Mija 22 rocznica akcji w Magdalence, uznawanej za najbardziej dramatyczne wydarzenie w historii polskich policyjnych jednostek specjalnych. W wyniku przeprowadzonej akcji zginęło dwóch policyjnych antyterrorystów, a 17 funkcjonariuszy zostało rannych.

Akcja w Magdalence

Przeprowadzona w nocy z 5 na 6 marca 2003 roku w miejscowości Magdalenka niedaleko Warszawy. Jej celem było zatrzymanie zaliczanych do najgroźniejszych przestępców w Polsce – Roberta Cieślaka i Białorusina Igora Pikusa, członków tzw. gangu „Mutantów” z Piastowa koło Warszawy, który odpowiadał m.in. za zabójstwa policjantów.

Przebieg akcji

Podczas próby zatrzymania wspomnianych przestępców, policyjni antyterroryści weszli na teren posesji i do domu, w którym ukrywali się bandyci. Prawdopodobnie z powodu nienależycie przeprowadzonego rozpoznania nie wiedzieli, że teren ogrodu został wcześniej zaminowany przy pomocy min, granatów i tzw. fugasów. W wyniku eksplozji ładunków wybuchowych na miejscu zginął antyterrorysta podkom. Dariusz Marciniak, a w szpitalu dowodzący akcją kom. Marian Szczucki.

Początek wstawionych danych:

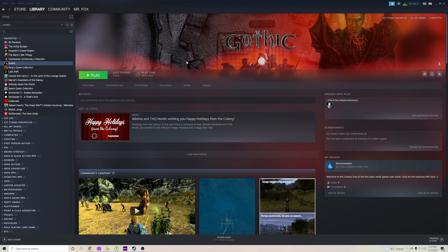Hello there, everyone. Mr. Fox here with a quick guide on how to fix Gothic on modern machines.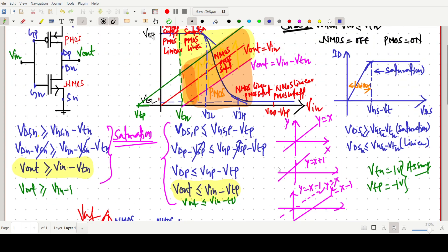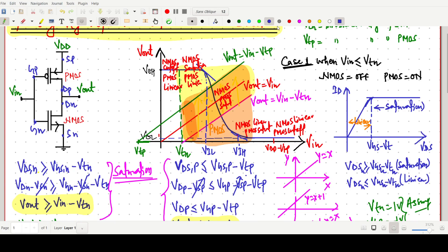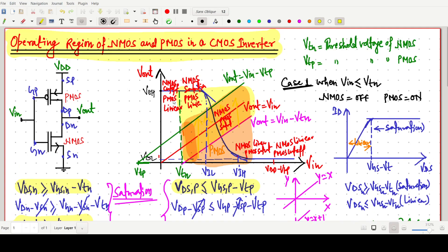This covers all the operating regions for the CMOS inverter characteristics. You need to know the basics of nMOS and PMOS — in which region each transistor operates: saturation, cutoff, or linear. By going step by step using these conditions and inequalities, we can easily identify the operating region. Thank you for watching.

Polecamy temat: Nowi kontrterroryści dołączyli do CPKP „BOA” >>

Ponadto bandyci okazali się doskonale przygotowani do obrony. W domu posiadali blisko 30 jednostek różnego rodzaju broni ręcznej oraz maszynowej. W wyniku prowadzonej wymiany ognia rannych zostało 17 policjantów. Podczas walki w domu wybuch pożar, a budynek częściowo się zawalił i spłonął. Przestępcy zginęli na miejscu na skutek zatrucia tlenkiem węgla.